May 12th, 2009 | By Doug Casey | Category: Gold Market

Gold rose to $917 at the mid-point of the Hong Kong session, but that would be the high for the day as it fell into the first hour in New York, then traded choppily through the rest of the day to finish at $913.30/oz., down $2.90. Overnight, gold is pushing higher.

Platinum moved progressively lower in the overseas markets, but really hit the wall just after New York opened, falling $20 in an hour before going flat for the rest of the day and ending at $1115, down $32. Overnight, platinum has edged higher.

Silver suffered a precipitous drop, from $14.03 in the far East to $13.67 at the New York open, but amazingly it nearly clawed its way back into the green by day’s end, closing at $13.94, down 5 cents. Overnight, silver is sharply higher. (Click here for charts)

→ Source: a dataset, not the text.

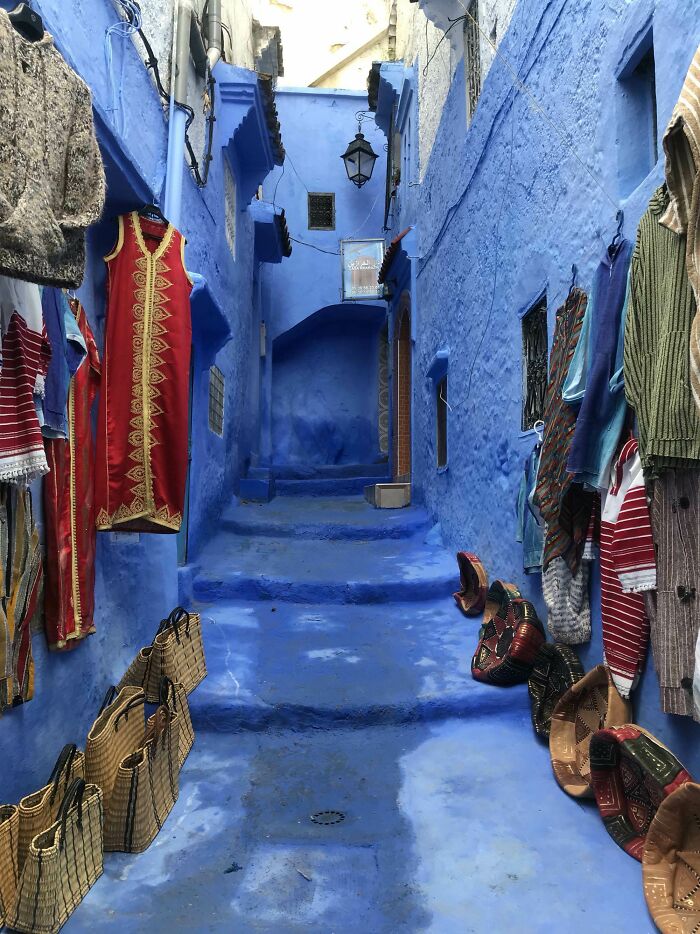 Narrow blue-painted alleyway with traditional clothing and woven bags displayed for sale in a vibrant market setting.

Though platinum got slammed, gold and silver both eased only mildly yesterday, which would probably have been expected as oil backed off and, more importantly, the dollar rebounded against the euro.

“Gold prices eased as risk appetite made a comeback and was seen as a hunger for stocks and certain currencies,” wrote Kitco’s Jon Nadler. He noted that, “Demand from exchange-traded funds “has gone into drought mode since reaching a record high last month.”

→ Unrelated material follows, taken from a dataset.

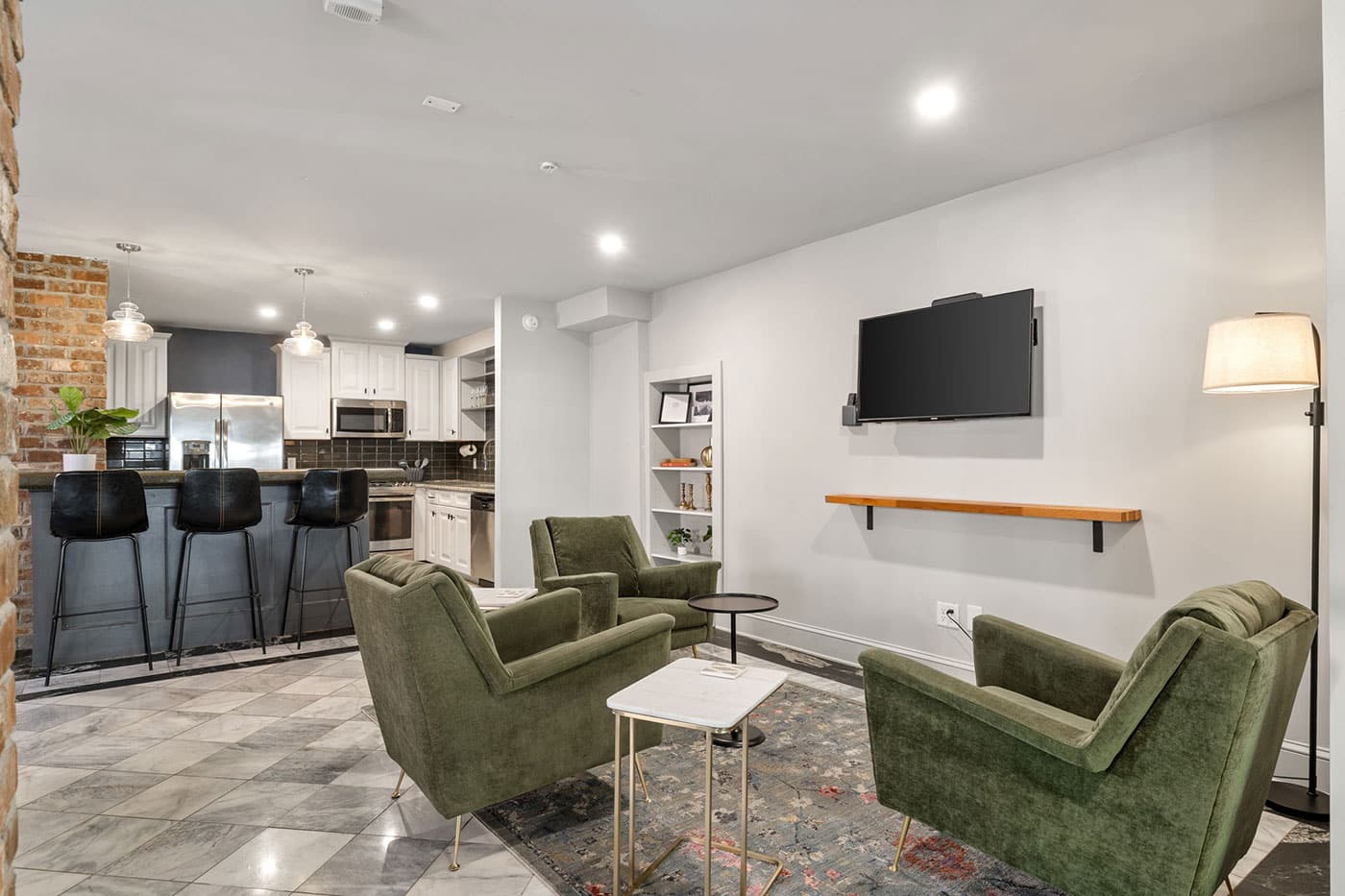 Open-concept living area with green armchairs, a TV on the wall, and a floating wooden shelf above a small table lamp.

True enough. Holdings of the SPDR Gold Trust (NYSE:GLD), the biggest exchange-traded fund backed by bullion, went gangbusters through last month, reaching a record of almost 1,128 metric tons (36.27 million ounces) last month.

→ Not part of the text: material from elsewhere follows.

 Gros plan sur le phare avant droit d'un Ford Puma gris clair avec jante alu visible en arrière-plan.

Since then the vaults have been lightened, so that now 1104 metric tons (35.5 million ounces) remain.

“The safe-haven play is becoming less relevant at the moment, largely because we are beginning to see more positive economic signals,” said David Wilson, an analyst at Société Générale in London.

But perceived positive economic signals, coupled with the precariousness of world politics, has many analysts thinking as gold bulls.

This week’s trade in gold is expected to progress in a generally higher direction, with prices potentially reaching $935.80 an ounce,” wrote Tom Pawlicki, of MF Global (NYSE:MF). “Support will come from worries that inflationary pressures are growing, from increased tensions in northwestern Pakistan, and from Venezuela’s seizure of oil assets.”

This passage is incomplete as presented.